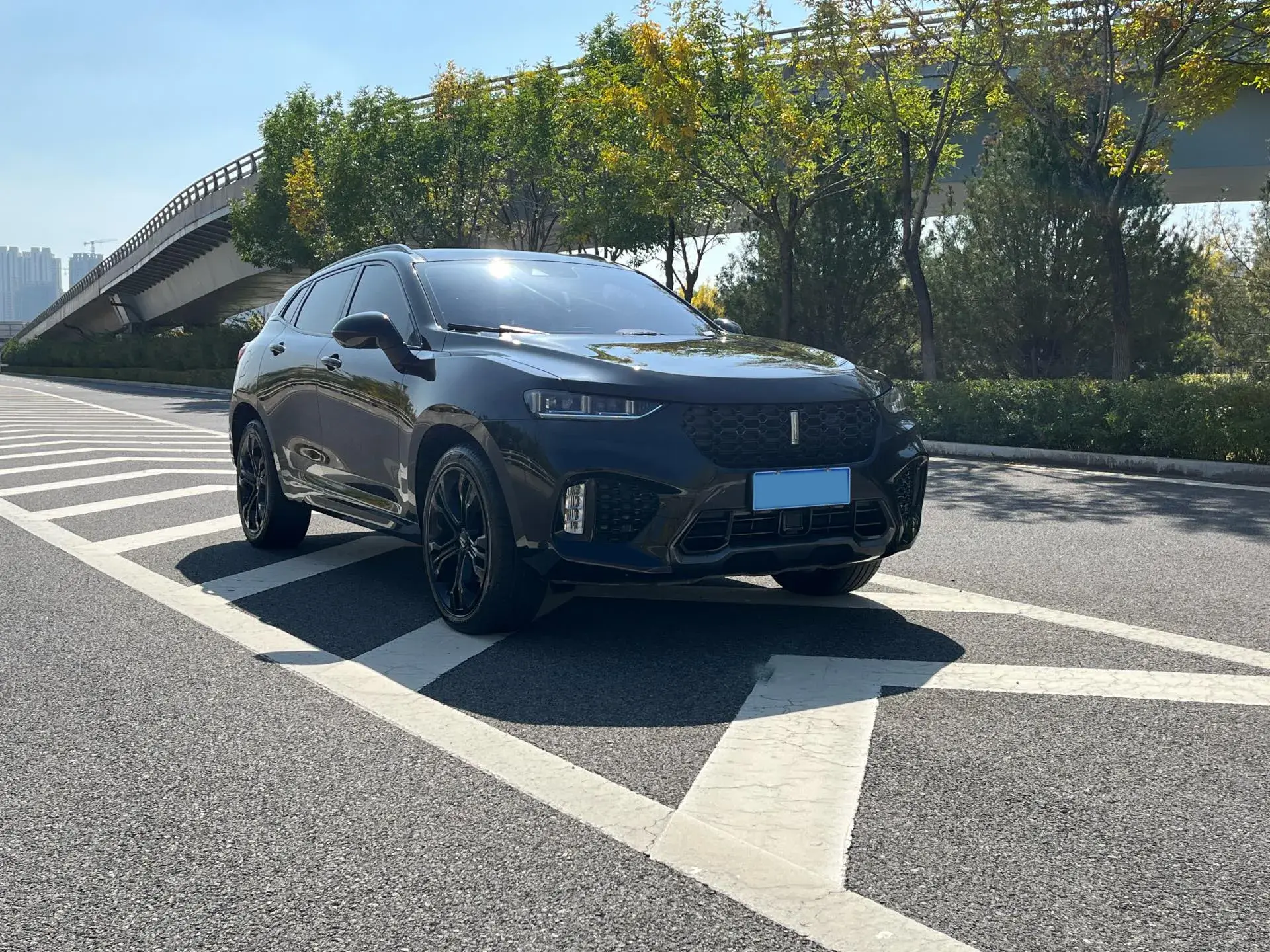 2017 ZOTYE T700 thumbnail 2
..............................
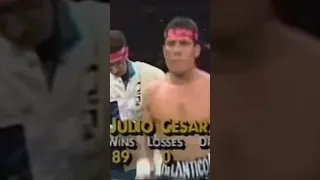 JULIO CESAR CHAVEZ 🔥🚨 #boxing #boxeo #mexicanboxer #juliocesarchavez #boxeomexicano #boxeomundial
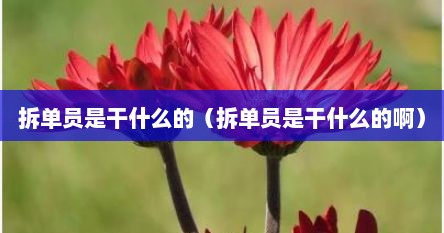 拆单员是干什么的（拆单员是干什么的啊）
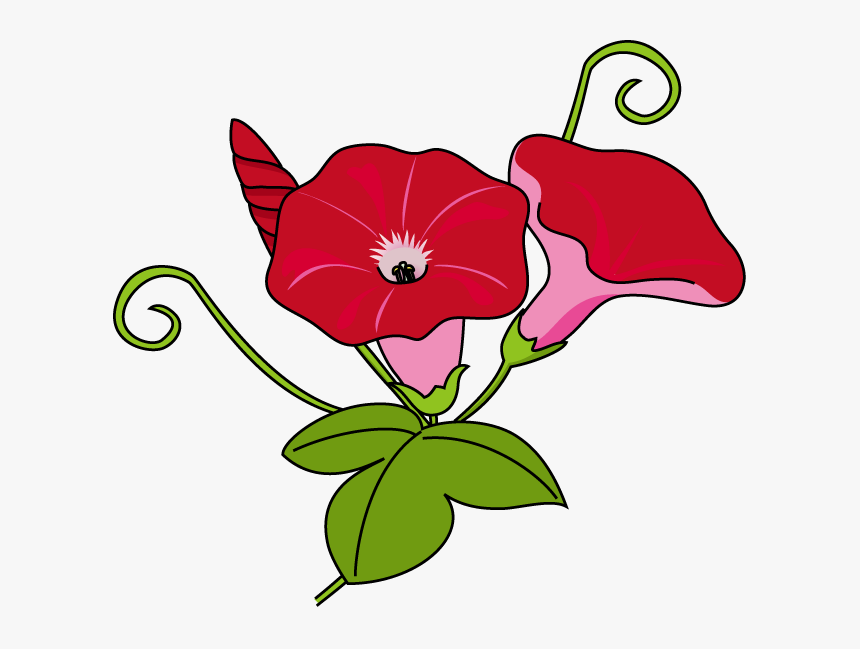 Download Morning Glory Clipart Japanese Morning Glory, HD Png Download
..............................
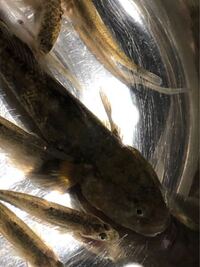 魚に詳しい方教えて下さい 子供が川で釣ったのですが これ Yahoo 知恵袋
..............................
In the listing above, find the line containing "JULIO CESAR CHAVEZ" and the line containing "Download Morning Glory", then output those two lines and everything between them exactly as written, without the images.

▸ **EXERCISE RESULT**:
 JULIO CESAR CHAVEZ 🔥🚨 #boxing #boxeo #mexicanboxer #juliocesarchavez #boxeomexicano #boxeomundial
 拆单员是干什么的（拆单员是干什么的啊）
 Download Morning Glory Clipart Japanese Morning Glory, HD Png Download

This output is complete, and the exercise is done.